Adorando con humildad
Había estado, y sigo estando, a menudo ciega a mi debilidad. Puedo olvidar fácilmente que soy una pecadora salvada solo por Su gracia, y lucho por aceptar que soy simplemente una frágil vasija de barro que contiene el tesoro del evangelio, no por mi propia fuerza, sino por el poder incomparable de Dios (2 Corintios 4:7). Pero es a través de esta debilidad que se manifiesta el poder de Dios. ¡Qué gran propósito es este!
Mi orgullo se alimenta cuando empiezo a desear ser como Dios, hacer las cosas que solo Dios puede hacer y atribuirme el mérito del trabajo que le pertenece solo a Él.

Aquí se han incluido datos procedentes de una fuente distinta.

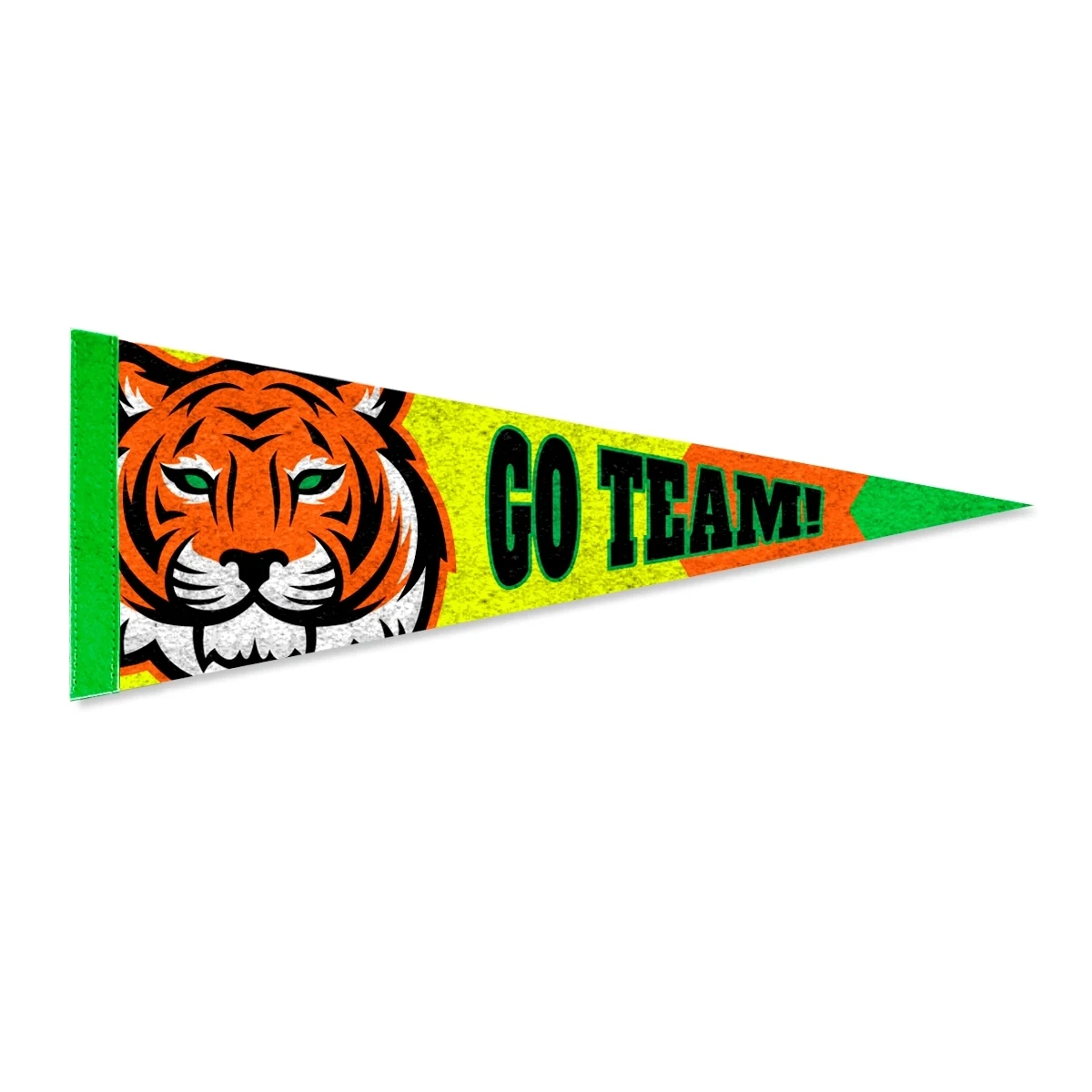 9" x 24" Acrylic Felt Pennant without Pole - Class B 1
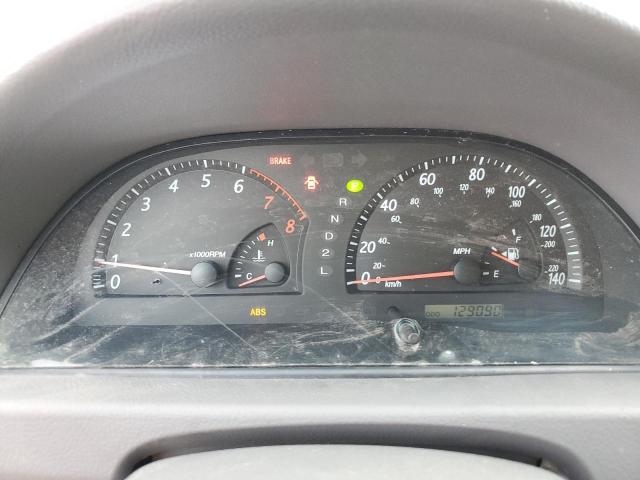 4T1BE32K04U272147 - 2004 TOYOTA CAMRY LE SILVER photo 9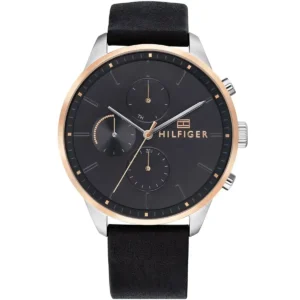 1791488-original-tommy-hilfiger-watch-men-black-dial-leather-strap-quartz-battery-analog-chase-egypt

Cristo nos muestra verdadera humildad cuando deja su trono, aunque es totalmente digno de sentarse y gobernar en ese trono, de seguir obedientemente el plan de su Padre de venir a la tierra, servir y morir por pecadores como nosotras.
Parte de la humildad ocurre cuando reconocemos que Dios puede hacer mucho más de lo que podríamos imaginar. En lugar de tratar de ser la que lleve a cabo Su obra divina, mejor seguimos fielmente en obediencia Su llamado, sin importar la aparente simplicidad de la tarea. Podemos confiar en que Él está obrando y moviéndose de maneras poderosas para lograr lo que solo Él puede hacer, a fin de que solo Él obtenga la gloria.
A veces me desanima que cada dos meses el Señor tenga que empujarme para ver cómo una vez más he dejado que el orgullo crezca en mi corazón. Es un pecado con el que todas lucharemos a lo largo de nuestros días. En estos momentos de lucha y tentación, debemos quitar nuestros ojos de nosotras mismas y elevarlos hacia el Rey del Cielo. A medida que cambiamos nuestro enfoque a Él y a Su poder, encontraremos que la postura de la humildad es una que nos da un verdadero propósito: glorificar al Altísimo.